Records drawn from a dataset:
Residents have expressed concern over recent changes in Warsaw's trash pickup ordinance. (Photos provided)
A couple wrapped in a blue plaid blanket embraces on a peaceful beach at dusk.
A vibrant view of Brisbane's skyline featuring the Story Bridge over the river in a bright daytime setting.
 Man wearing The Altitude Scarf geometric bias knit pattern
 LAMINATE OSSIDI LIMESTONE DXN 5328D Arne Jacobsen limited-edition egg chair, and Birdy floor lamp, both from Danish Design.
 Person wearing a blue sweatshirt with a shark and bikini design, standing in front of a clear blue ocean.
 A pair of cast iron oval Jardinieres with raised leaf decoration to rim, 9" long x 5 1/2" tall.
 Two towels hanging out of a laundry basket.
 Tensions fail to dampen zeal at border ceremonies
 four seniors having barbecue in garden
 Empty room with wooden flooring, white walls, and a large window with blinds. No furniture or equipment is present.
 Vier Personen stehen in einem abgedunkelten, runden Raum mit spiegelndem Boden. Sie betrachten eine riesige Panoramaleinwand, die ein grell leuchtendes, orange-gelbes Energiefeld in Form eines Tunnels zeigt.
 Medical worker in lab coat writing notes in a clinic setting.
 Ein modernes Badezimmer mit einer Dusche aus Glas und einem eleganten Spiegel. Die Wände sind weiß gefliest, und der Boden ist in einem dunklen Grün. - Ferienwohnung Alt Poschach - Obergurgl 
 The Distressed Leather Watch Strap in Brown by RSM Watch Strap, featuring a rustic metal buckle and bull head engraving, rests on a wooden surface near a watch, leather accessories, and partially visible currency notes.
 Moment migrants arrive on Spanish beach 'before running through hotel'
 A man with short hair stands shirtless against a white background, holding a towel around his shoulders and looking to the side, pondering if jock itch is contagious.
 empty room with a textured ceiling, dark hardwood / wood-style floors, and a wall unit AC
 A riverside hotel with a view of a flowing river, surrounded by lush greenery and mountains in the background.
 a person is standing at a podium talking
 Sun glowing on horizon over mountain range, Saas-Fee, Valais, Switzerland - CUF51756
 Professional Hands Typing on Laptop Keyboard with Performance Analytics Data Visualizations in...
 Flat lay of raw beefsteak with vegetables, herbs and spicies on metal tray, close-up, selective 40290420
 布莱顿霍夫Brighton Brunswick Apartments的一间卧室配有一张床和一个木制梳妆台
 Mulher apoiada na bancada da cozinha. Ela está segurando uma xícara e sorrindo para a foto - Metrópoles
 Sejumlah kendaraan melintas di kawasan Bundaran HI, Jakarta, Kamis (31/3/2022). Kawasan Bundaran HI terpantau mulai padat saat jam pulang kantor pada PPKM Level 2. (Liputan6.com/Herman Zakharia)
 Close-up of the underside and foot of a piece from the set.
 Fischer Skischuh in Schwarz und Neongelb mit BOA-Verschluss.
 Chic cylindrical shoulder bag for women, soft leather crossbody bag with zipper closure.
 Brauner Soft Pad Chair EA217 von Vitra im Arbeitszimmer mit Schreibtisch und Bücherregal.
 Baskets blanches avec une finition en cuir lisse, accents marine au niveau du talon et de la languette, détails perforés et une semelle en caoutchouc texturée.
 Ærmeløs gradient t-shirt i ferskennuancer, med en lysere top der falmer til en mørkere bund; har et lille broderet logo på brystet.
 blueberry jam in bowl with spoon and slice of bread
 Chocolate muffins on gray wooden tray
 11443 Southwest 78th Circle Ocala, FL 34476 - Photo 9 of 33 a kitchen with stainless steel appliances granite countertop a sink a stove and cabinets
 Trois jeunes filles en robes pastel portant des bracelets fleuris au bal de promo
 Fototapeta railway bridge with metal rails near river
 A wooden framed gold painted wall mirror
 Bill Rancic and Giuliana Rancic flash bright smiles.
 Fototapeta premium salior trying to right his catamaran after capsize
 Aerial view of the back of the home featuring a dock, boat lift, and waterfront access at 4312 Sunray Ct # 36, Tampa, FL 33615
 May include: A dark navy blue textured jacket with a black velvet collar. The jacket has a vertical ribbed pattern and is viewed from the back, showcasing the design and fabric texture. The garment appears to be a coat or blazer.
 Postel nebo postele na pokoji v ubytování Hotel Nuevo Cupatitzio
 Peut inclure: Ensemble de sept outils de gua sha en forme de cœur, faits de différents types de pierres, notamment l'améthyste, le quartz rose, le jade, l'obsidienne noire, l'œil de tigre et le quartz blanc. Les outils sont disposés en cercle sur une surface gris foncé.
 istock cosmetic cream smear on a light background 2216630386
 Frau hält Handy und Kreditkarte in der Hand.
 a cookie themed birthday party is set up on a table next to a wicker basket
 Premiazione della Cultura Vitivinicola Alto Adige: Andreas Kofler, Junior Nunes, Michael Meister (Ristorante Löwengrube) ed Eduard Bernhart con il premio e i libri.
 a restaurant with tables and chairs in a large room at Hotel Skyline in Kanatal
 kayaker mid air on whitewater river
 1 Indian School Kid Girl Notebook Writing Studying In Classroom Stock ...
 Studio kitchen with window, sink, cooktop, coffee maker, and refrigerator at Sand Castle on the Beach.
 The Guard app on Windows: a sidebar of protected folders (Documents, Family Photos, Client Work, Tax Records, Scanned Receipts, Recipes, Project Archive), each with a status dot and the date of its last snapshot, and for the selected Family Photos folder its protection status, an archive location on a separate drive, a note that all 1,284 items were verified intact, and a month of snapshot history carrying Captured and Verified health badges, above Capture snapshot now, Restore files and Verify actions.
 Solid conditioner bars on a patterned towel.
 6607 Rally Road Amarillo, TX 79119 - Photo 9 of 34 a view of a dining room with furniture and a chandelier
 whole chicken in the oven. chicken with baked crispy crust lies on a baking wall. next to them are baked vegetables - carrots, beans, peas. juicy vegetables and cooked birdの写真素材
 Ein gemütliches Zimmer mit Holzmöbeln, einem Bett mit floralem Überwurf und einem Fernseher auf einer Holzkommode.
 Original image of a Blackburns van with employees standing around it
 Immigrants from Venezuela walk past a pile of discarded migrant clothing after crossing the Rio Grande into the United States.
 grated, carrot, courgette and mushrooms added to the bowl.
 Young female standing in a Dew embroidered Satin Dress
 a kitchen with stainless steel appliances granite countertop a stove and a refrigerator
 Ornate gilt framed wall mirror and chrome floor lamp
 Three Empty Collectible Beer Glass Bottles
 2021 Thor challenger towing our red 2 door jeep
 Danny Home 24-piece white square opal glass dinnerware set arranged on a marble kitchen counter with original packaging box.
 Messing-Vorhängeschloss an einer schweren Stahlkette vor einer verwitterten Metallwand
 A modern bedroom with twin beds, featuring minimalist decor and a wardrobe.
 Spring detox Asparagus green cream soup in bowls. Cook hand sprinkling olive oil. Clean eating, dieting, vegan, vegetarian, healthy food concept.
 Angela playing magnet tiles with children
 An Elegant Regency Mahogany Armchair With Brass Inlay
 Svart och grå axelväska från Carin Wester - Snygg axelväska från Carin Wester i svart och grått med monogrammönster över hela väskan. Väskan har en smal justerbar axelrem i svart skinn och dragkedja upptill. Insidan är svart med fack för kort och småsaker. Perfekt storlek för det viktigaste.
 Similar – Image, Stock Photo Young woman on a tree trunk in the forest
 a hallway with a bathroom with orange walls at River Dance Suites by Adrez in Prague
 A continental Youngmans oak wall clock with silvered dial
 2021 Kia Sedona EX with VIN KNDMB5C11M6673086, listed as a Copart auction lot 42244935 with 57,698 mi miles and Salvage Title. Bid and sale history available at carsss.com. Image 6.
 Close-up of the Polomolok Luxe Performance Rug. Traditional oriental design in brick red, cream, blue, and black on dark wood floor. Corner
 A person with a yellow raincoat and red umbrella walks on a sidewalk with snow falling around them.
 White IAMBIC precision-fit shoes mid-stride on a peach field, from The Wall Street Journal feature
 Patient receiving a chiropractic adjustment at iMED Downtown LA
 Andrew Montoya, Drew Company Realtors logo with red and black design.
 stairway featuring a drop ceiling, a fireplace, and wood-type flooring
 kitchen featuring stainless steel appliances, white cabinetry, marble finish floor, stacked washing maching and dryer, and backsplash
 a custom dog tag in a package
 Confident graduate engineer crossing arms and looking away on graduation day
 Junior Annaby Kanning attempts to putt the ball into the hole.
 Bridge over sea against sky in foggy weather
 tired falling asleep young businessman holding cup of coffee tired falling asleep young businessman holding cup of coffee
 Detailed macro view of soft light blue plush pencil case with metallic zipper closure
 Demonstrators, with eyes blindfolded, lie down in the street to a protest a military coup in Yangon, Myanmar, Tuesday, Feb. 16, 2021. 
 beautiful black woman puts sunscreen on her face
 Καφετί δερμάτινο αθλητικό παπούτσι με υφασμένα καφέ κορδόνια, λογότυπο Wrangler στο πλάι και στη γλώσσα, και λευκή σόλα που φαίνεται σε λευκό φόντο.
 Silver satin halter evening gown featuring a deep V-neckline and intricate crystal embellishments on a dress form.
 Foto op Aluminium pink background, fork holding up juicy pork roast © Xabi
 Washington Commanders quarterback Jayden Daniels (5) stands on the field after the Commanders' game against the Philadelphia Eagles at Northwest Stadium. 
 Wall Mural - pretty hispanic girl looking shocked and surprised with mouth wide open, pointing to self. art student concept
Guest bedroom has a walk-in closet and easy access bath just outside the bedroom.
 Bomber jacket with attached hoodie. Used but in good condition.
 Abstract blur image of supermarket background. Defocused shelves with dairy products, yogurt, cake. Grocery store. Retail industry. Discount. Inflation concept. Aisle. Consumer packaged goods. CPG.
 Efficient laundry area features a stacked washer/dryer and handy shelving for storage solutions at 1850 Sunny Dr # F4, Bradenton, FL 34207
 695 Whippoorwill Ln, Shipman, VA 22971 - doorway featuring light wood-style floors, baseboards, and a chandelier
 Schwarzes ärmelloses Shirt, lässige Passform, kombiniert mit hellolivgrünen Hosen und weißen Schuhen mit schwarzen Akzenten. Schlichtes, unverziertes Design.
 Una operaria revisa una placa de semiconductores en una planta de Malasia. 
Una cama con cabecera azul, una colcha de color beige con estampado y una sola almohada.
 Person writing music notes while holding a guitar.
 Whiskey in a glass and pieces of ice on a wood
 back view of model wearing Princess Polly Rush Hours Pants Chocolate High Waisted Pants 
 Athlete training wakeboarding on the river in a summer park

→ What you have to do
I'd like the lines above from the one with "grated, carrot, courgette" up to and including the one with "Ornate gilt framed" copied exactly, with no other lines.

→ Task solution
 grated, carrot, courgette and mushrooms added to the bowl.
 Young female standing in a Dew embroidered Satin Dress
 a kitchen with stainless steel appliances granite countertop a stove and a refrigerator
 Ornate gilt framed wall mirror and chrome floor lamp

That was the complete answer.